それでは今回から、僕が手がけた「まんがでわかる」系のマンガ作品を題材に、その作り方を紹介していきましょう。

今回の記事では”「まんがでわかる」系のマンガ作品”とは何かについて描いていきます。


”「まんがでわかる」系のマンガ作品”とは何か、それはいわゆる「物語文学」ではなく、ある一つの題材をマンガでわかりやすく伝える作品、ということです。

したがって漫画に描かれる「物語」は僕自身が創作したオリジナルということになるわけです。


「物語文学」のコミカライズだと、その物語が面白いかそうでないかは、ある程度原作のそれに担保されるわけですが、オリジナルで創作するとなると、その作品が面白いかどうかの全責任は全て作者である僕(やあなた)自身にかかってきます。


そういう意味では、「物語文学」のコミカライズよりもやりがいはある、とも言えるわけですが、しかしストーリーやら設定やら何から何まで全てをゼロから自分で作り上げるいわゆる「オリジナル創作」と違って、ある題材を「わかりやすく伝えるための、なおかつ面白い物語」を創造するわけで、全くのオリジナル創作とも違う難しさが存在するのです。

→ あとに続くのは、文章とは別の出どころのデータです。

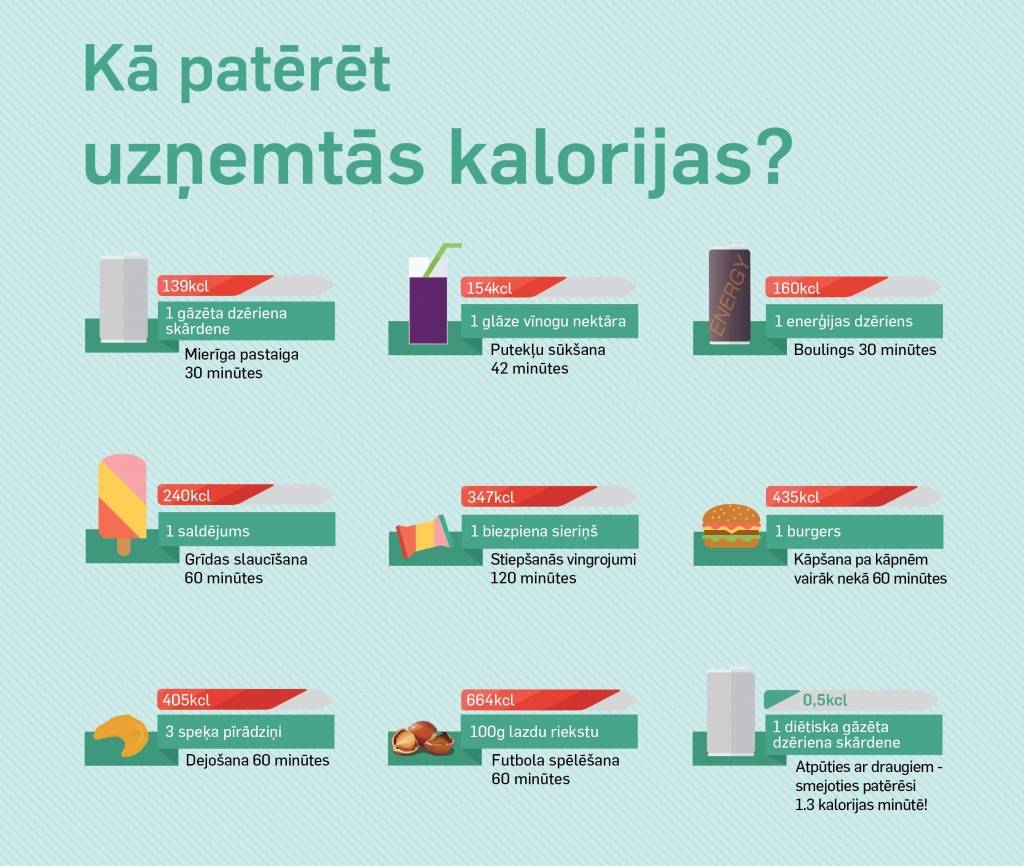 INFOGRAFIKA: Kā saglabāt fizisko formu svētkos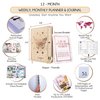 Hourly Planner - Undated Deluxe Weekly, Monthly Planner, 12 Month Journey to Increase Productivity & Happiness - Life Organizer, Gratitude Journal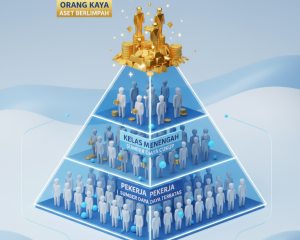 Ilustrasi piramida kekayaan menunjukkan ketimpangan distribusi pendapatan di Indonesia, dengan segelintir orang kaya di puncak dan banyak pekerja di dasar piramida.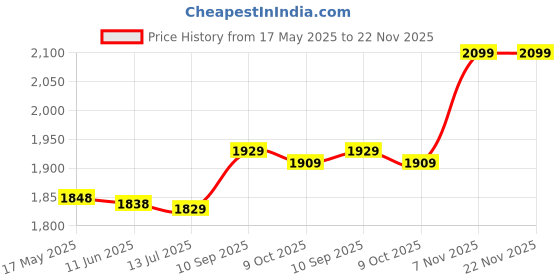 amazon.in liujaos Polishing Bright Hollow Base Cleat, Boat Cleat, for Boat liujaos Price History Graph from 17 May 2025 to 22 Nov 2025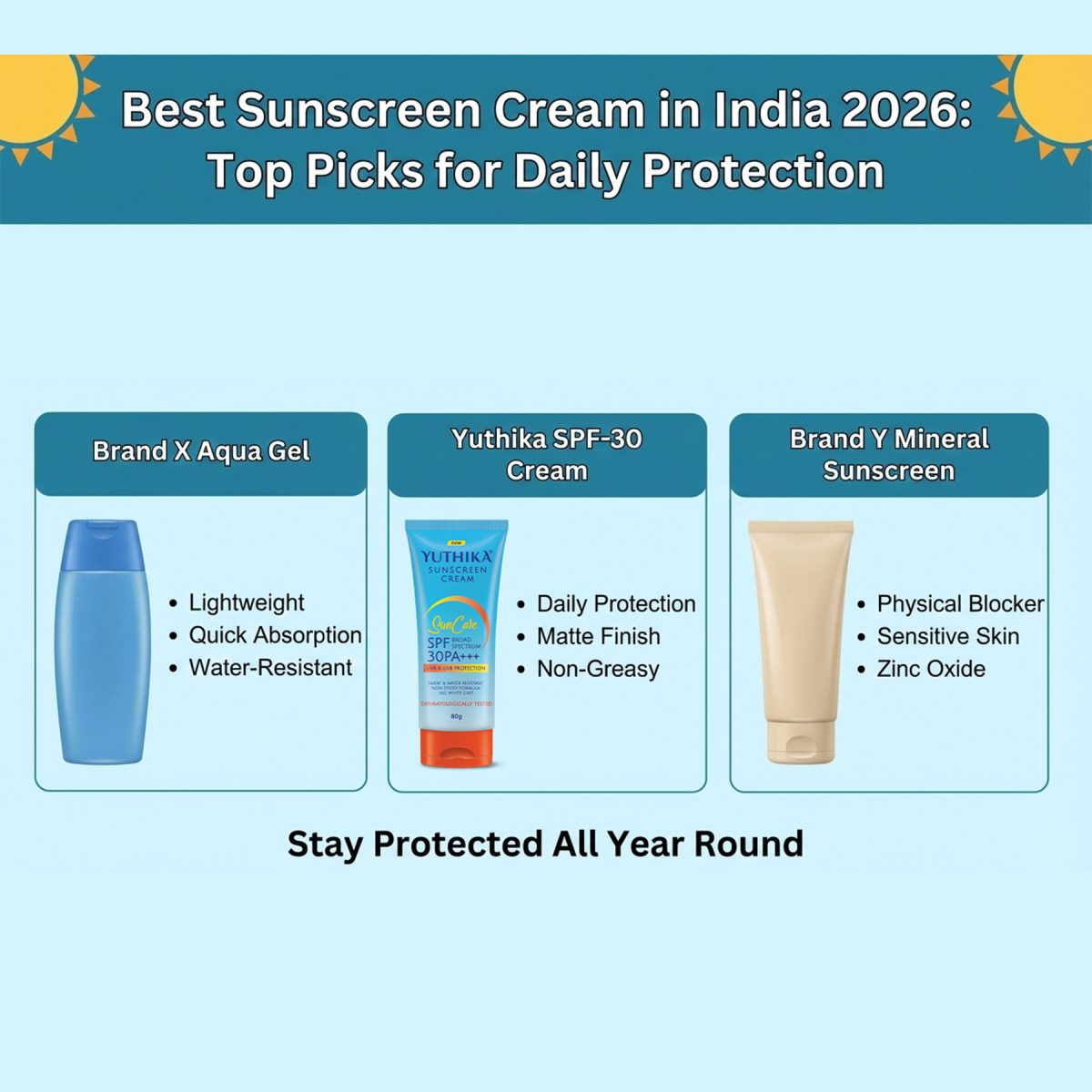 best sunscreen cream in india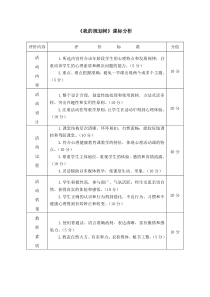 《我的规划树》教案 (4)-九年级心理健康【鲁画报版】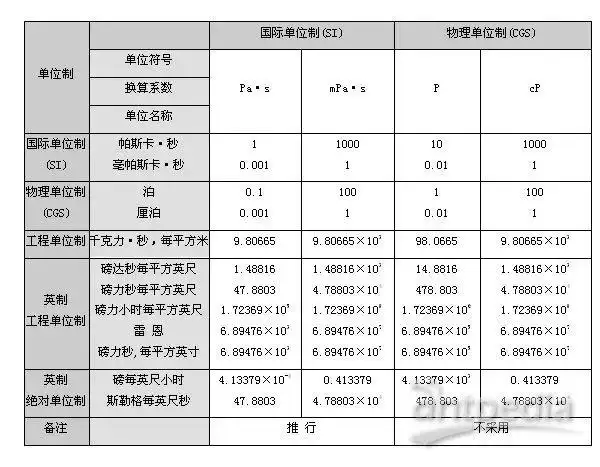 常见实验室单位换算关系,给你整理好啦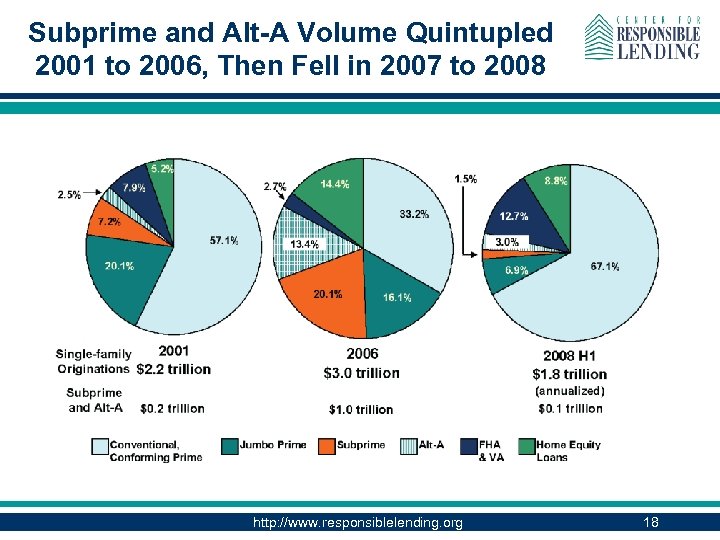 Subprime and Alt-A Volume Quintupled 2001 to 2006, Then Fell in 2007 to 2008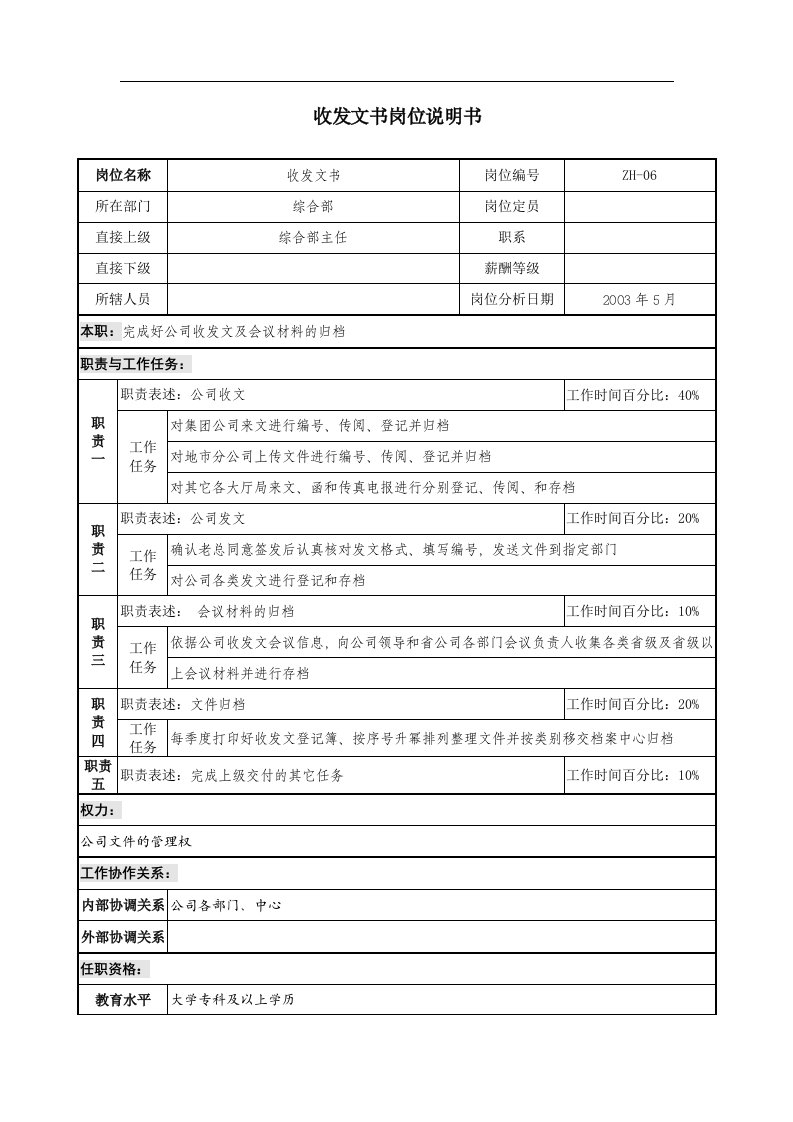 通信行业-综合部-收发文书岗位说明书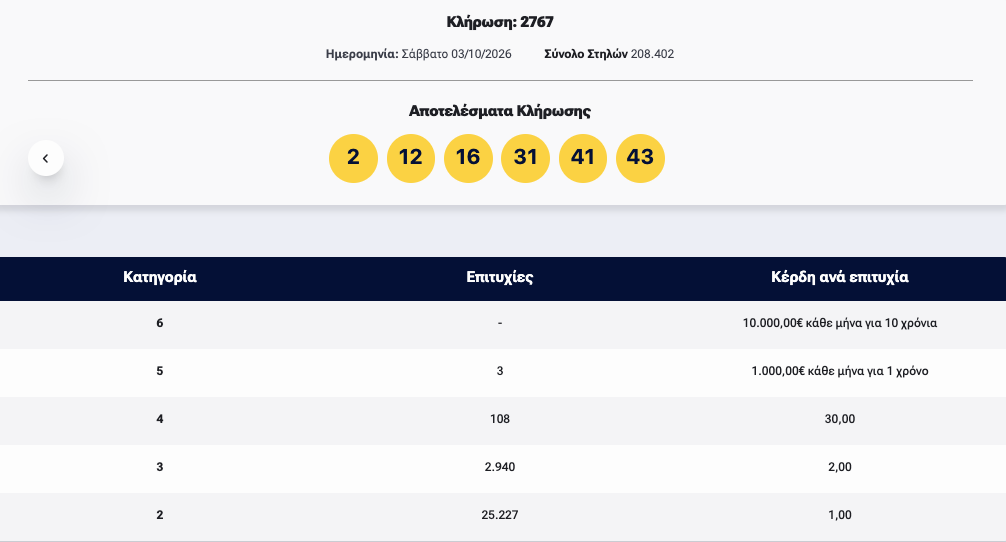καρτα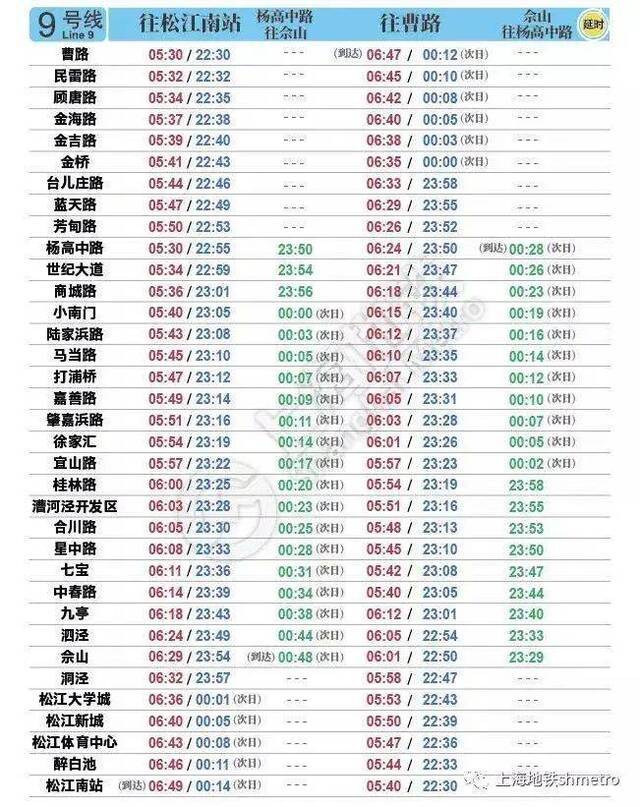 国庆长假从崇明返程要堵17小时？上海交警发布出行预测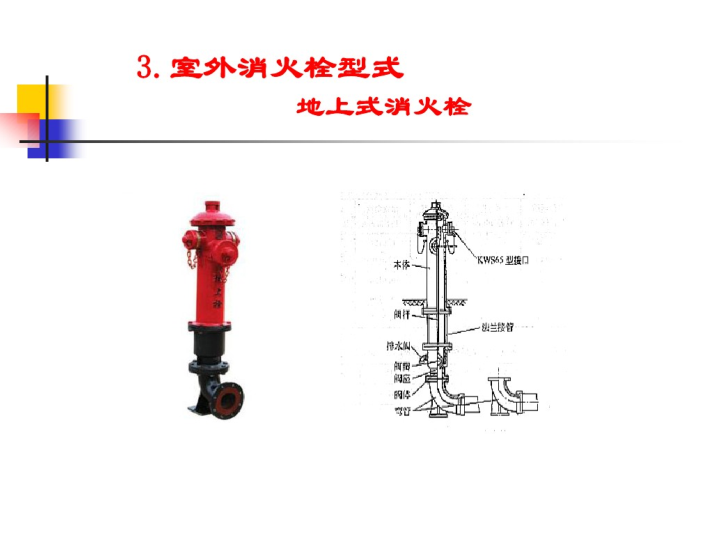 室外消火栓系统施工资料下载-建筑给排水-消火栓系统
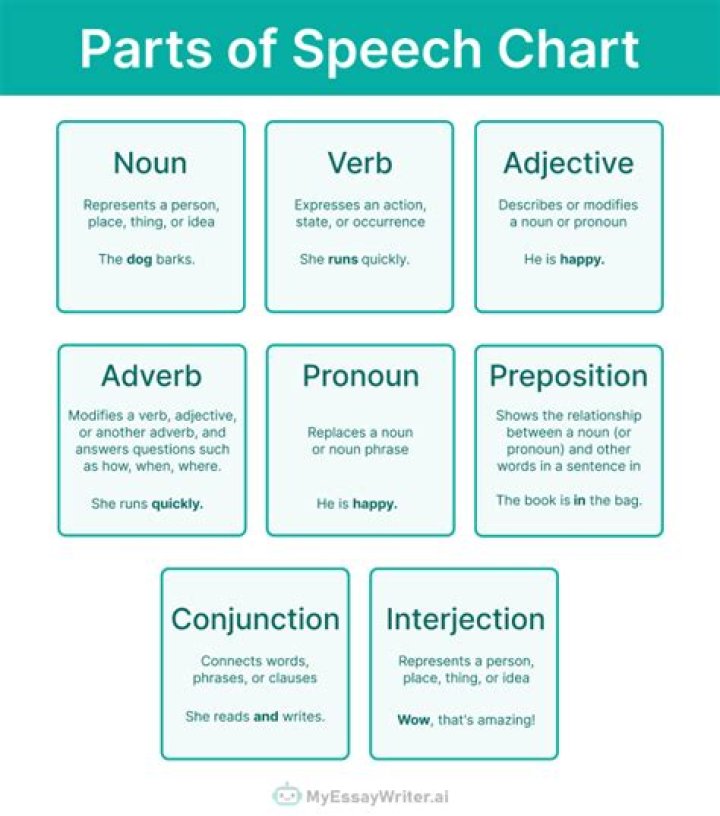 What are the parts of speech with definition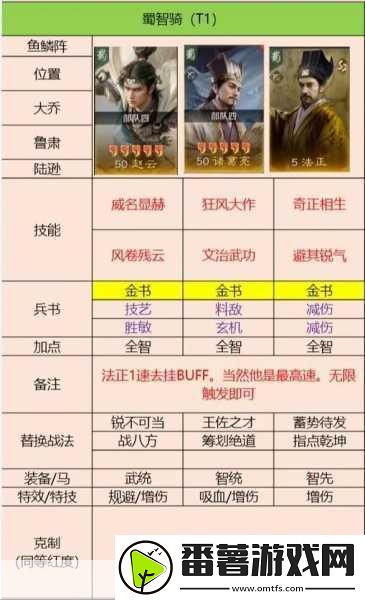 三国谋定天下t0阵容搭配秘籍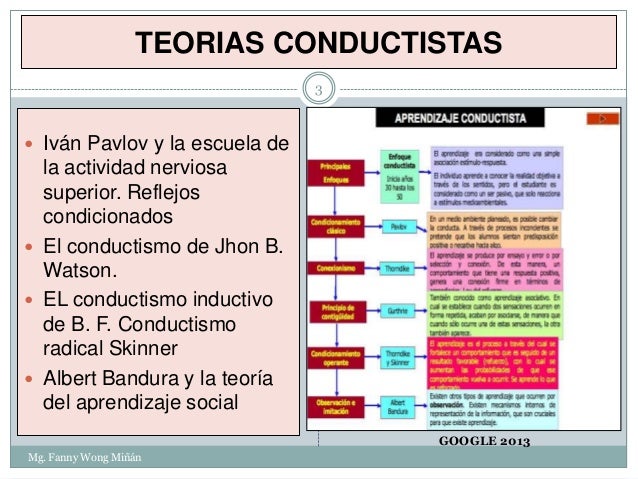 TEORIAS CONDUCTUALES DE LA PERSONALIDAD -FANNY JEM WONG - SEMANA 4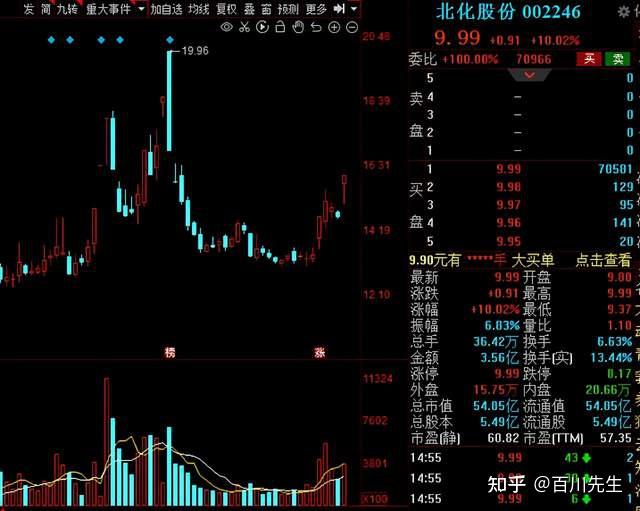 核废料会污染环境吗_核废料的作用_核废料环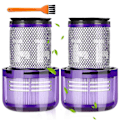 Pikkukuva 1 / 5: 2 kpl Dyson V12 -suodatinsetti, Dyson V12 Slim Absolute -imurin suodattimelle, Dyson V12 -suodattimelle pestävät HEPA-tarvikkeet, Dyson V12 Sl -takaosa-suodatin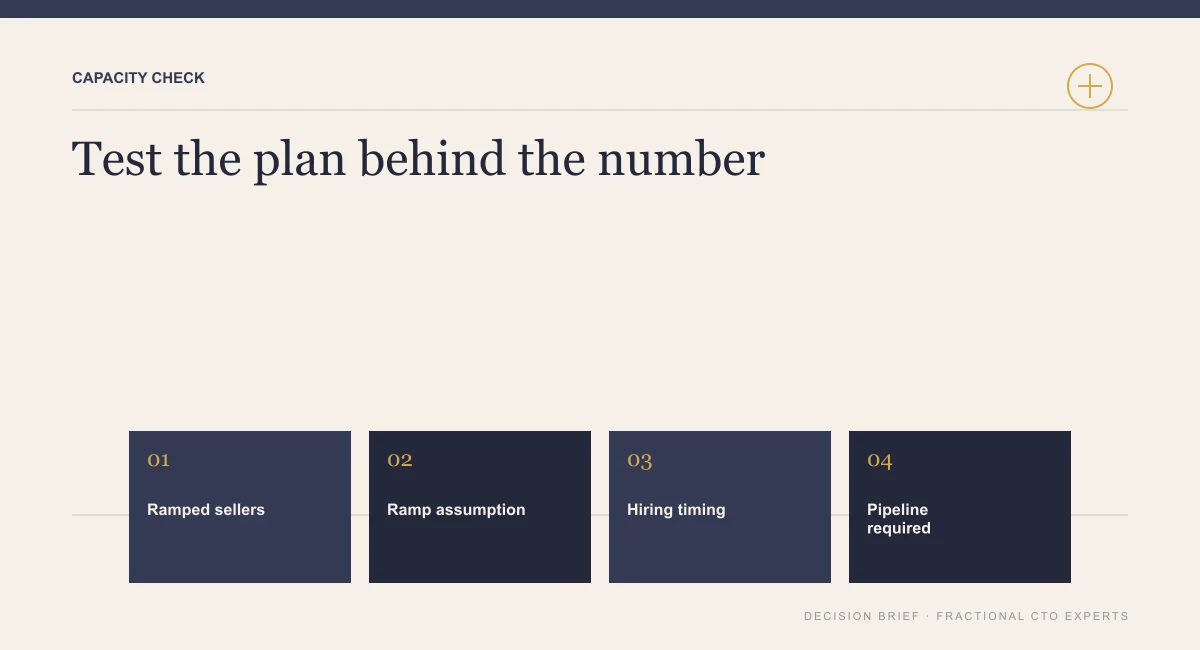 Diagram of a sales capacity check using ramped sellers, a ramp assumption, hiring timing and the pipeline required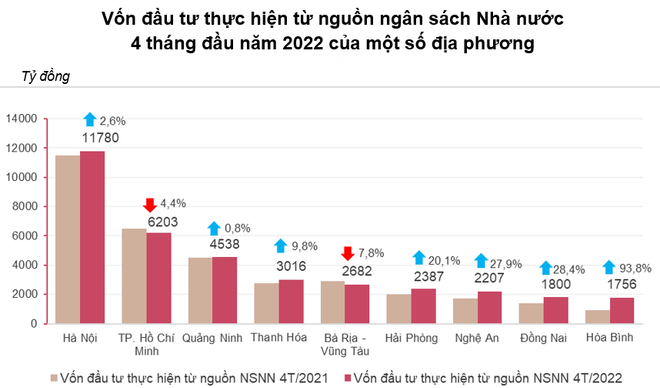 Bốn tháng, vốn đầu tư từ ngân sách đạt khoảng 110 nghìn tỷ đồng ảnh 3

また、その扱う題材はほとんど全てが「この題材を漫画にしてくれ」と依頼されるところから始まるわけで、僕自身が昔から研究していたり好んでいた題材ではない、ありていに言うとそれまでまるで興味のなかった題材を扱うわけですから、その題材をひたすら学びつつ同時に「わかりやすい」漫画にしなければならない

しかも、一つある題材を漫画にできたからと言ってその時の手法がそのまま次の題材に当てはめて使えるわけではない、という恐ろしいジャンルなのです(実際、「コーラン」と「ケインズ」、「プーチン」はそれぞれ全く違う構成で作っています)。一難去ってまた一難というやつですね。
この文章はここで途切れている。